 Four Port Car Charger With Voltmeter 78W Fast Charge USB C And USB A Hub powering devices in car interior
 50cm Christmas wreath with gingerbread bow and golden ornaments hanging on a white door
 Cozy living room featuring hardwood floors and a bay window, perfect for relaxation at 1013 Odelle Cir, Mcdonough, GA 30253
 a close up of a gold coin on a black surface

---

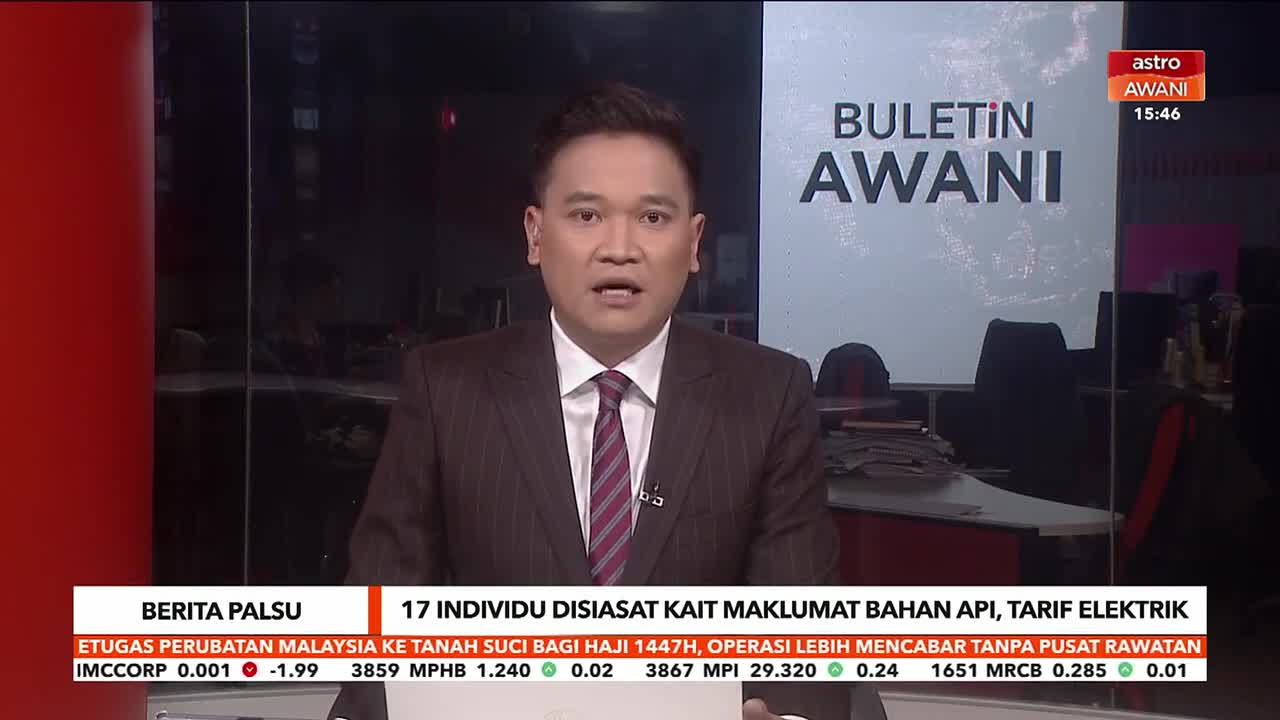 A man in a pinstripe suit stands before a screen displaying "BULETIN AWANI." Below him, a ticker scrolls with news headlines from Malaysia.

• _Work instructions_: Output exactly one stretch of the listing: from the line containing "Four Port Car" through the line containing "a close up of a gold coin on a black surface", both end lines included.

• _Response for this exercise_:
 Four Port Car Charger With Voltmeter 78W Fast Charge USB C And USB A Hub powering devices in car interior
 50cm Christmas wreath with gingerbread bow and golden ornaments hanging on a white door
 Cozy living room featuring hardwood floors and a bay window, perfect for relaxation at 1013 Odelle Cir, Mcdonough, GA 30253
 a close up of a gold coin on a black surface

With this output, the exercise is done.